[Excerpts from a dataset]
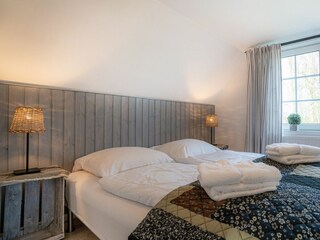 Schlafzimmer 1 mit Doppelbett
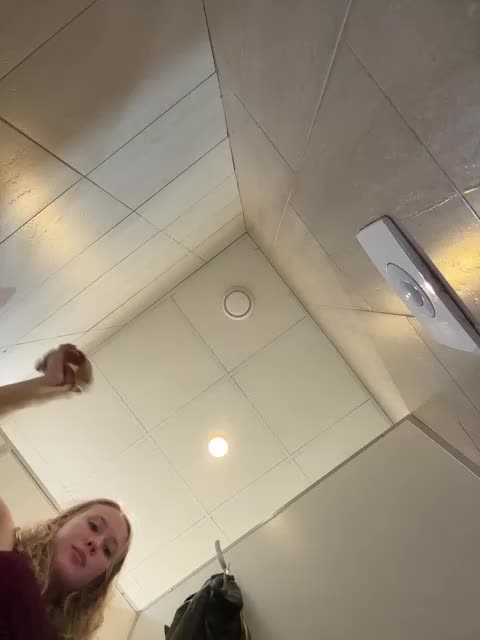 LiiBaby Cam Model Chat October 4, 2025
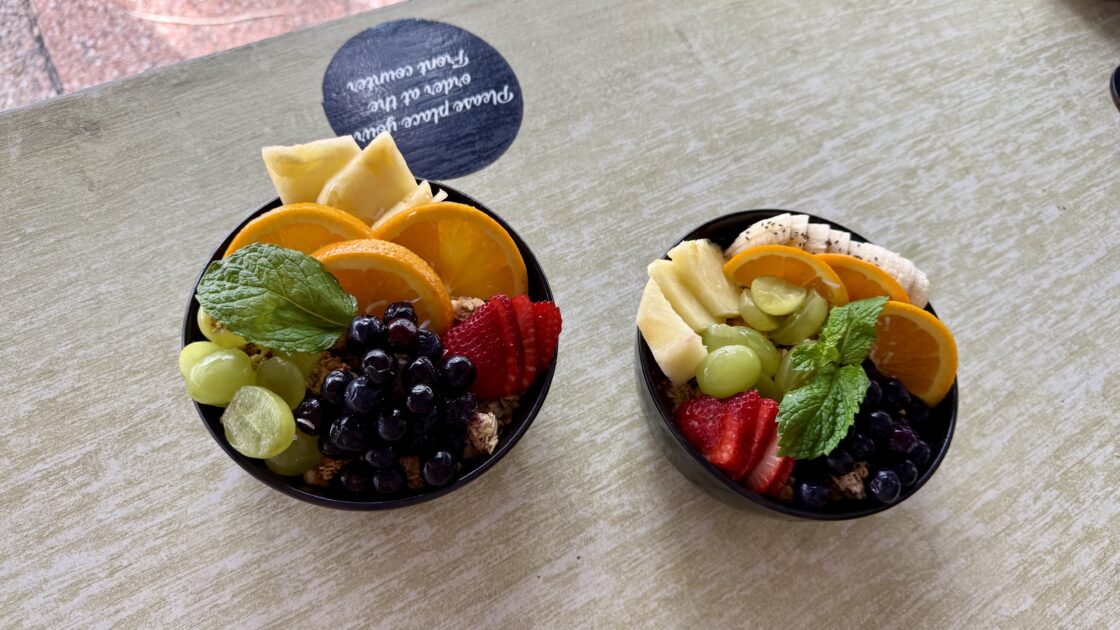 オーストラリアのゴールドコーストのアサイーボウル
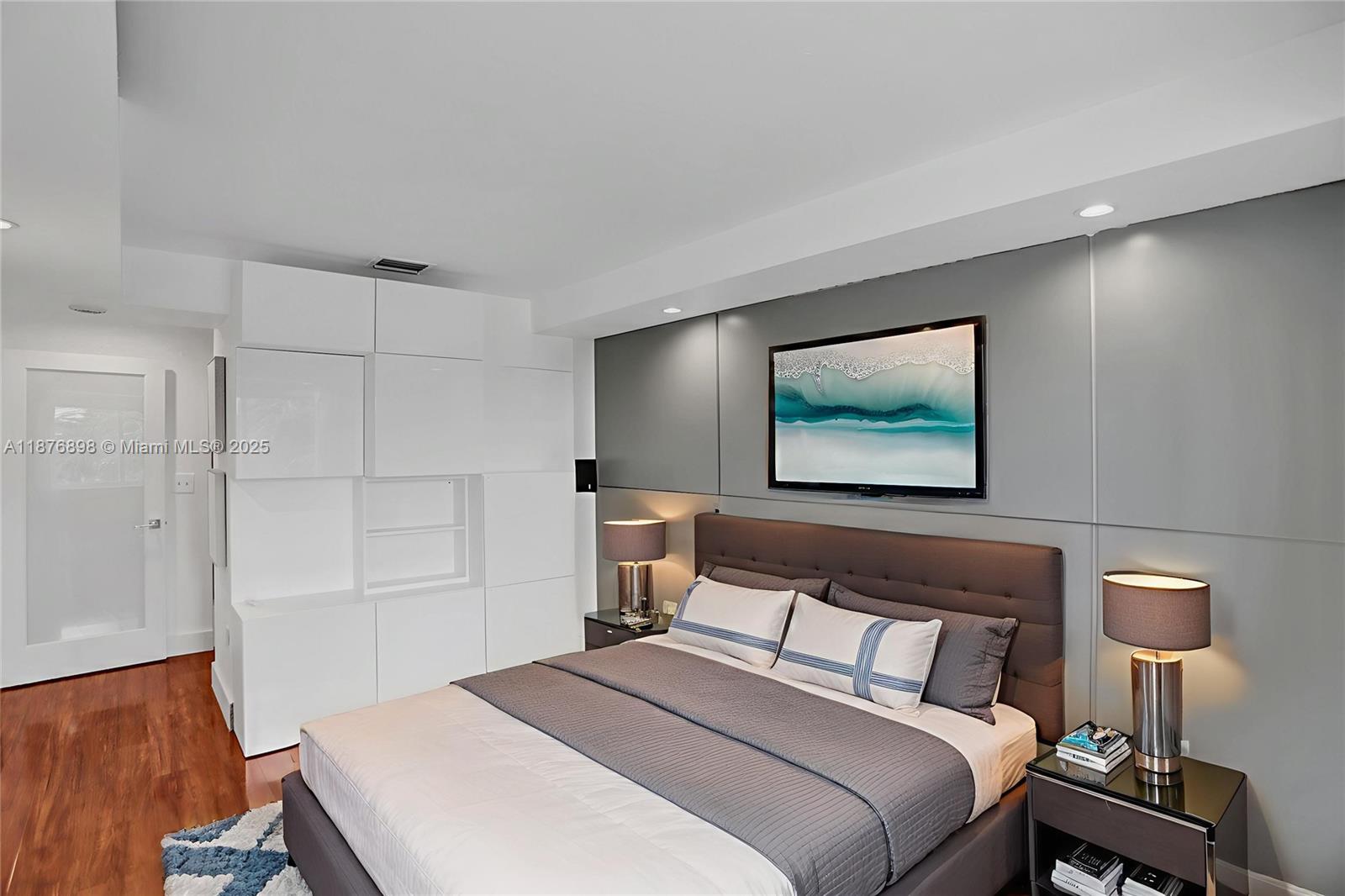 PRECIOUS HOMES AT LAKES - Residential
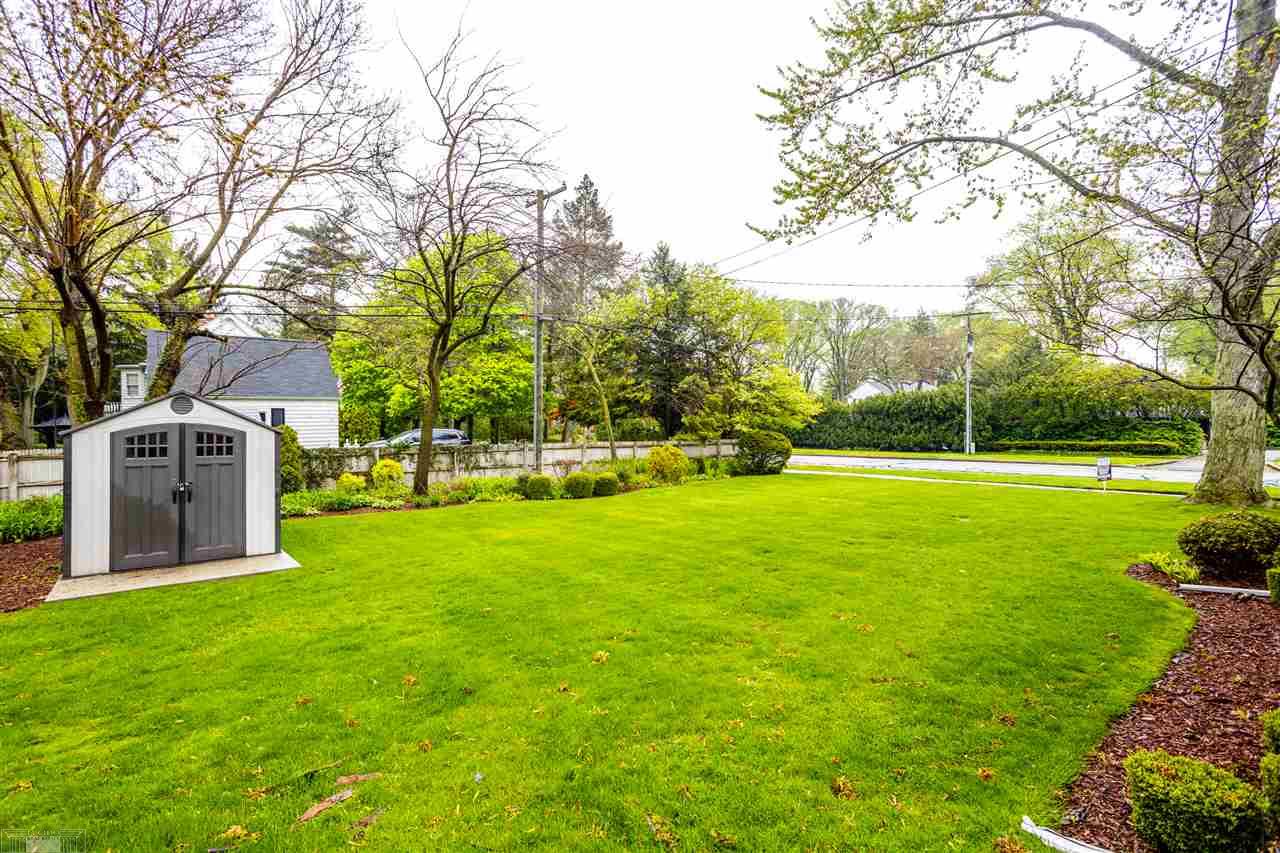 152 Cloverly Road Grosse Pointe Farms, MI 48236 - Photo 53 of 59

Exercise brief >> Every line above should be copied exactly, apart from any pictures.

Completed task >>
 Schlafzimmer 1 mit Doppelbett
 LiiBaby Cam Model Chat October 4, 2025
 オーストラリアのゴールドコーストのアサイーボウル
 PRECIOUS HOMES AT LAKES - Residential
 152 Cloverly Road Grosse Pointe Farms, MI 48236 - Photo 53 of 59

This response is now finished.